#### Exercise goal
What is needed is a word-for-word copy of every record below, minus the pictures.

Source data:
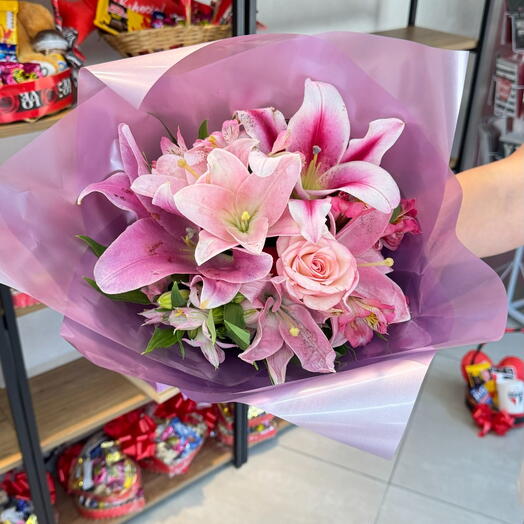 Buquê Com Lirio e Rosas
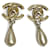 Chanel Boucles d'oreilles pendantes en perles CC 96P Métal Doré  ref.1190715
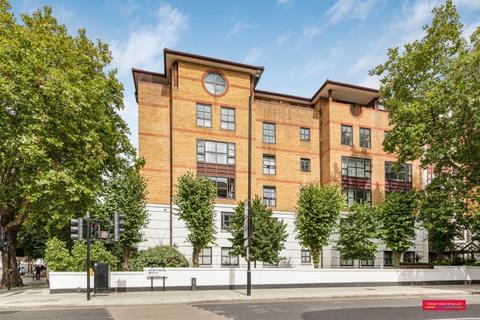 2 bedroom flat to rent, Gloucester Terrace London W2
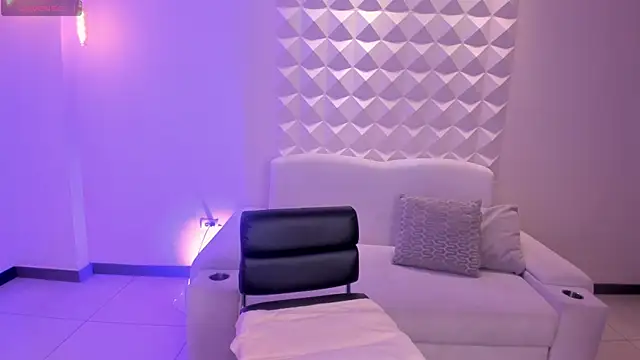 MorganHicks online show from April 2026 11:24:01 AM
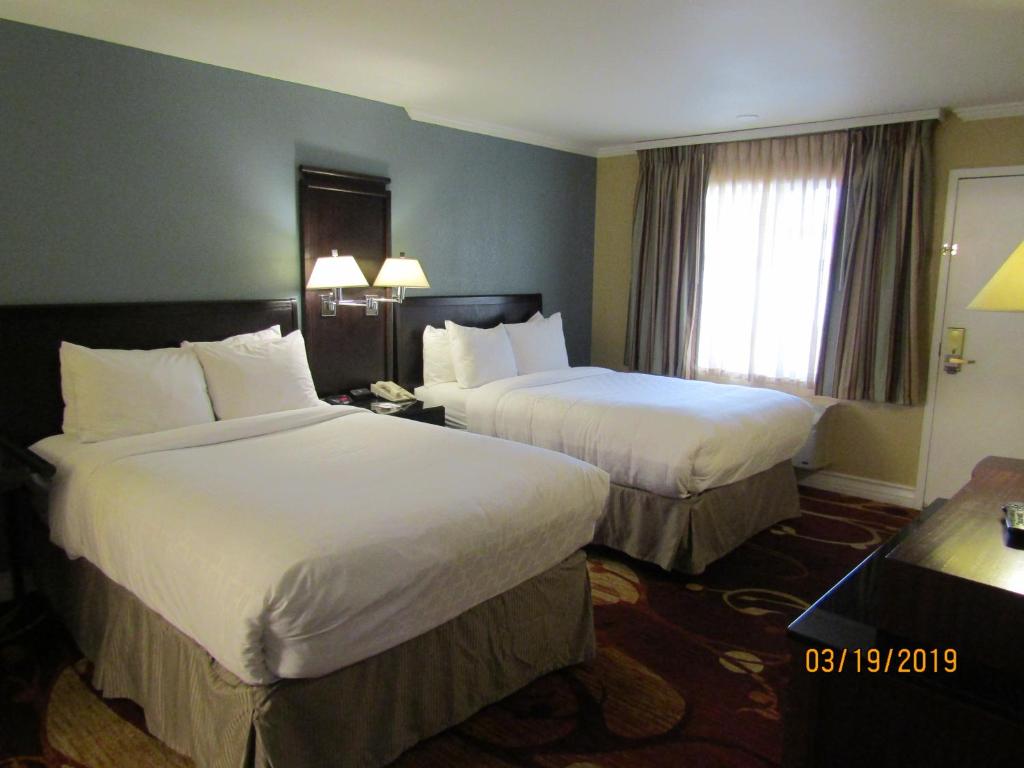 Clarion Inn Near China Lake Naval Station photo
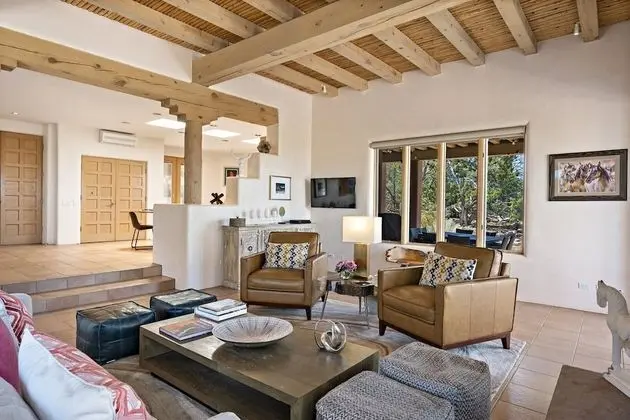 Ev (Enchantment - Stunning Views, Fantast)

#### Output for this task
 Buquê Com Lirio e Rosas
 Chanel Boucles d'oreilles pendantes en perles CC 96P Métal Doré  ref.1190715
 2 bedroom flat to rent, Gloucester Terrace London W2
 MorganHicks online show from April 2026 11:24:01 AM
 Clarion Inn Near China Lake Naval Station photo
 Ev (Enchantment - Stunning Views, Fantast)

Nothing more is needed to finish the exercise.